# Do you bill your guys at the same rate?



## [email protected] (Jan 10, 2010)

I used to do four but apprentice is either really close to a laborer or an journeyman. I make adjustment based on the work there doing to. If my carpenters are scraping out its hard to justify cleanup at carpenter wages to a GC or HO.


----------



## atrawlings (Feb 9, 2009)

So to you guys that bill at different rates...Do you make the same money per guy? So to be simple: 

A laborer gets paid $10 per hour
A laborer costs you a total of $20 per hour
You charge $30 per hour.

An apprentice gets paid $15 per hour
An apprentice costs you a total of $25 per hour
You charge $35 per hour.

A journeyman gets paid $25 per hour
An journeyman costs you a total of $37 per hour
You charge $47 per hour

A foreman gets paid $30 per hour
A foreman costs you a total of $45 per hour
You charge $55 per hour

In all cases you make $10 per hour per man beyond their relative cost. Is this equity the goal?


----------



## [email protected] (Jan 10, 2010)

I dont do it like that at all. Your laborers shouldnt make YOU the same as your top guys. A laborer is there to make sure the guys that make you maney are always producing. Not packing lumber or sweeping. I have a system on rates but thats part of my bidding process. TOP SECRET.:thumbsup:


----------



## jimmys (May 1, 2009)

*not the same*

On T&M, which we do rarely, we charge double the pay rate for each guy. They are paid differently and billed different from each other. Some produce more per hour and are worth more to the customer per hour.
Estimating there's no need to differentiate, just what the labor + burden cost is for the task.
Jim


----------



## wellbuilt home (Oct 22, 2007)

I bill buy the half day / full day or week depending. 
Most of the time the rate is twice the pay rate . 
John


----------



## Diamond D. (Nov 12, 2009)

ubenhad4 said:


> I dont do it like that at all. Your laborers shouldnt make YOU the same as your top guys. *A laborer is there to make sure the guys that make you maney are always producing.* Not packing lumber or sweeping. I have a system on rates but thats part of my bidding process. TOP SECRET.:thumbsup:


Here, here.

Ever heard the saying, " Quarter waiting on a nickle "

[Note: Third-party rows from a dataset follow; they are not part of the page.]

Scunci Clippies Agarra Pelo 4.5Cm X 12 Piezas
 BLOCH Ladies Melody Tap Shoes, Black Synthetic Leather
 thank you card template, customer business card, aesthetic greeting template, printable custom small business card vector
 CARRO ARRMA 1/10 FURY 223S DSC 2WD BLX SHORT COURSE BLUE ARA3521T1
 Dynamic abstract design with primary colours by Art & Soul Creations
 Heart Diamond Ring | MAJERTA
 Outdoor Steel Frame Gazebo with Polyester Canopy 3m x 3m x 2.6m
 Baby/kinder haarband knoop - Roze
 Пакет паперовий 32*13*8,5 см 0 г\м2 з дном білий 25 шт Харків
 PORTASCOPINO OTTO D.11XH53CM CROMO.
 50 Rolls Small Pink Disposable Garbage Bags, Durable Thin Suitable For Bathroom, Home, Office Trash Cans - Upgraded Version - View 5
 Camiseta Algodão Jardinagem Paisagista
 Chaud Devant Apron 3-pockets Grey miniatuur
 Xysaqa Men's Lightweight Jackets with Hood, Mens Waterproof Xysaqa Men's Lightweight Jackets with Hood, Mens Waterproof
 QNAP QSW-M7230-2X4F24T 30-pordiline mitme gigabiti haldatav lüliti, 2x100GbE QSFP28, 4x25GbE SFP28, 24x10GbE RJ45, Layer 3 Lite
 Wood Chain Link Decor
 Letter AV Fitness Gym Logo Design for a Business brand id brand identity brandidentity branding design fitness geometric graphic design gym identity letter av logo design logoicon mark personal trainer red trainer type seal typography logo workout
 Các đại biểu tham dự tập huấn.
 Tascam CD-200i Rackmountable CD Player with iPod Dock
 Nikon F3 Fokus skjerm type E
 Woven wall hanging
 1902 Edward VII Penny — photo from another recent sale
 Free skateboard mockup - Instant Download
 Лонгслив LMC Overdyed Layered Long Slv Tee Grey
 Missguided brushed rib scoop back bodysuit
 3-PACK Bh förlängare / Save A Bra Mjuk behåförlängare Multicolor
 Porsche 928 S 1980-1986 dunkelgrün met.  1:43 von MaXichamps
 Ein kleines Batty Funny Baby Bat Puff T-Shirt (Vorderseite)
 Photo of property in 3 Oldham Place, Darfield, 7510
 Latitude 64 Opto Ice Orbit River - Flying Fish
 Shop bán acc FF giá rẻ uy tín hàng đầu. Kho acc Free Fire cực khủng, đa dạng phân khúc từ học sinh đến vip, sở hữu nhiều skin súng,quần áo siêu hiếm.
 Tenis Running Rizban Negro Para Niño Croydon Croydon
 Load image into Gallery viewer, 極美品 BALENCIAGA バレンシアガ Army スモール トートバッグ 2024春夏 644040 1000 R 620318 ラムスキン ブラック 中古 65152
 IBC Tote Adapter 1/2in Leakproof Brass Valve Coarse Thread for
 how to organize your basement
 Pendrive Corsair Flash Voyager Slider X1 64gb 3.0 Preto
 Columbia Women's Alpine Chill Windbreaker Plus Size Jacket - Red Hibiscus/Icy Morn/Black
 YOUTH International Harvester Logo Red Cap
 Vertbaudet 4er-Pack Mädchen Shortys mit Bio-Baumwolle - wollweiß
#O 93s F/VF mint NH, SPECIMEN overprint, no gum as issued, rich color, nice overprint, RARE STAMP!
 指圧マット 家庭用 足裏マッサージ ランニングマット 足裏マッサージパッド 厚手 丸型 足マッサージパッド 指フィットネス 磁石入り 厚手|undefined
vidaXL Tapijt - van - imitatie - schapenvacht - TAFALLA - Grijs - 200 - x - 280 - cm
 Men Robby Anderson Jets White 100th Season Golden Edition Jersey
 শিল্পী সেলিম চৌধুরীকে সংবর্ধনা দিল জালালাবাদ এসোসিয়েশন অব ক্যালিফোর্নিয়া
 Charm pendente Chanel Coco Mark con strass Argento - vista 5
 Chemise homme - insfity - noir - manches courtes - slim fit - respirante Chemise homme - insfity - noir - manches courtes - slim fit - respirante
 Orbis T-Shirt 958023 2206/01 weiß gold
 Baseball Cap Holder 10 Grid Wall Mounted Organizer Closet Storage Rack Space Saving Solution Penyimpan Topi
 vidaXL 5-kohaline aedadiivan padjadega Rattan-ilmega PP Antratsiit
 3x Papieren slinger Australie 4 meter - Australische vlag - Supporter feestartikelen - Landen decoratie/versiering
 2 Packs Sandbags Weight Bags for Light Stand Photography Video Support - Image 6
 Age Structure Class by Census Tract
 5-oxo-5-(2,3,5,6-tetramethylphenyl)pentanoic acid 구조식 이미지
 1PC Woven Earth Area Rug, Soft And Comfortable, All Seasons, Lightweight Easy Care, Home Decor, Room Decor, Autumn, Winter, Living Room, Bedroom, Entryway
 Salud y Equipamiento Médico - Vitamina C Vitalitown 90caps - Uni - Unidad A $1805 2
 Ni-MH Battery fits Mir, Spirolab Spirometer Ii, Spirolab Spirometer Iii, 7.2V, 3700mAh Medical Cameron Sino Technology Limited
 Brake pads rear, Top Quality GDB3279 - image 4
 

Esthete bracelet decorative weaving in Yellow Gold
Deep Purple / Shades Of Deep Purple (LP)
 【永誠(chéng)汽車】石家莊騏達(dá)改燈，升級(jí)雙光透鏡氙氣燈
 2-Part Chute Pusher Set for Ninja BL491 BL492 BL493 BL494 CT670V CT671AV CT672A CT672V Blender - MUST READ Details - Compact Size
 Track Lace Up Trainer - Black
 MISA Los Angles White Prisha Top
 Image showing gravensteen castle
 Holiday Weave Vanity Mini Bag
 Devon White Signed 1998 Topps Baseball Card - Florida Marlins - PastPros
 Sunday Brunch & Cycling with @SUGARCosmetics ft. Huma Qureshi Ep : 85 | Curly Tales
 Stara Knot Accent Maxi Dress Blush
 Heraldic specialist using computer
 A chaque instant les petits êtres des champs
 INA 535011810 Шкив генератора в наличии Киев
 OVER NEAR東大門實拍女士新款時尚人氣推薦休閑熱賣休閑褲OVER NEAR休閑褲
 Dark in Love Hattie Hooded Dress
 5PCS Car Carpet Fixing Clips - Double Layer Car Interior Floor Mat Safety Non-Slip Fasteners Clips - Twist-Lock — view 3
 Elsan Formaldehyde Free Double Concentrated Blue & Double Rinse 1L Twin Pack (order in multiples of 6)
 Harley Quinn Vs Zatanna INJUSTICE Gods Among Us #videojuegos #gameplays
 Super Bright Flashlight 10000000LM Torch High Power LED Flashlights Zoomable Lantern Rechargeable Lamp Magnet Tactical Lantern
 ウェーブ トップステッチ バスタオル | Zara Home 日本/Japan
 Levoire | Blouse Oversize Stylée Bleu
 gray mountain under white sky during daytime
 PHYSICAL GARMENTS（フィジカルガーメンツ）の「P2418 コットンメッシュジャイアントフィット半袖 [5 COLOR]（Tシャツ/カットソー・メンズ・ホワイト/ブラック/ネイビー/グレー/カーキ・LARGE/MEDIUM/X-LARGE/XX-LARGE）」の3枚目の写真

Or, I guess today it would be...

" Dollar waiting on a Dime "

D.


----------



## THINKPAINTING (Feb 24, 2007)

http://www.yourcostcenter.com/index.aspx :thumbsup:


----------



## MAK DESIGNBUILD (Apr 3, 2009)

Diamond D. said:


> Here, here.
> 
> Ever heard the saying, " Quarter waiting on a nickle "
> 
> ...


When I was an apprentice, the guy I worked for would always say: "Nickel holding up a dollar!" Now I use that with my apprentices.


----------